■ **Data extracts**
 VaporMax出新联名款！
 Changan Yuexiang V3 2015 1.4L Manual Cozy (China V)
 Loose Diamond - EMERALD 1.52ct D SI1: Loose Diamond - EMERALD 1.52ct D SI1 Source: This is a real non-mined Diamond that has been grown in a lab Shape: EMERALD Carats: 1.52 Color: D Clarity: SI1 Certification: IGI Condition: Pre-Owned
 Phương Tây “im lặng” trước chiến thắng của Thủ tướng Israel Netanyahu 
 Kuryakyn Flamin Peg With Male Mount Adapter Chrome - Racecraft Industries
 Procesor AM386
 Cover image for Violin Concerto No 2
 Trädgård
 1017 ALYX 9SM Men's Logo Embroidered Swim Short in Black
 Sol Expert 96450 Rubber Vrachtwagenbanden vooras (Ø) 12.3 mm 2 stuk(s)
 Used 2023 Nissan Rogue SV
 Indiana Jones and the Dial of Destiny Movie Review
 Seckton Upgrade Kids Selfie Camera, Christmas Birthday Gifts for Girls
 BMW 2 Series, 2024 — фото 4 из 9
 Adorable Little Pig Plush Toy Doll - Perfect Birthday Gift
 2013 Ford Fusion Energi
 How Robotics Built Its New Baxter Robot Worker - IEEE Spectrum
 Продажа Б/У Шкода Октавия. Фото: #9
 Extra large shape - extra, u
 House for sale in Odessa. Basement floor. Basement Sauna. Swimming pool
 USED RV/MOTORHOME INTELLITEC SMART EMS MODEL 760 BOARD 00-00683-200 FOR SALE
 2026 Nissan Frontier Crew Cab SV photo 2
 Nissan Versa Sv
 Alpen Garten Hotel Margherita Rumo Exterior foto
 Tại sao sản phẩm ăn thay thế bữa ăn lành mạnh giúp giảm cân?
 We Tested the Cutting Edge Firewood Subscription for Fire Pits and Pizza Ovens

■ **What is expected**
Output the line holding "House for sale", then every later line through the end of the records above, exactly as given and nothing else.

■ **Result below**
 House for sale in Odessa. Basement floor. Basement Sauna. Swimming pool
 USED RV/MOTORHOME INTELLITEC SMART EMS MODEL 760 BOARD 00-00683-200 FOR SALE
 2026 Nissan Frontier Crew Cab SV photo 2
 Nissan Versa Sv
 Alpen Garten Hotel Margherita Rumo Exterior foto
 Tại sao sản phẩm ăn thay thế bữa ăn lành mạnh giúp giảm cân?
 We Tested the Cutting Edge Firewood Subscription for Fire Pits and Pizza Ovens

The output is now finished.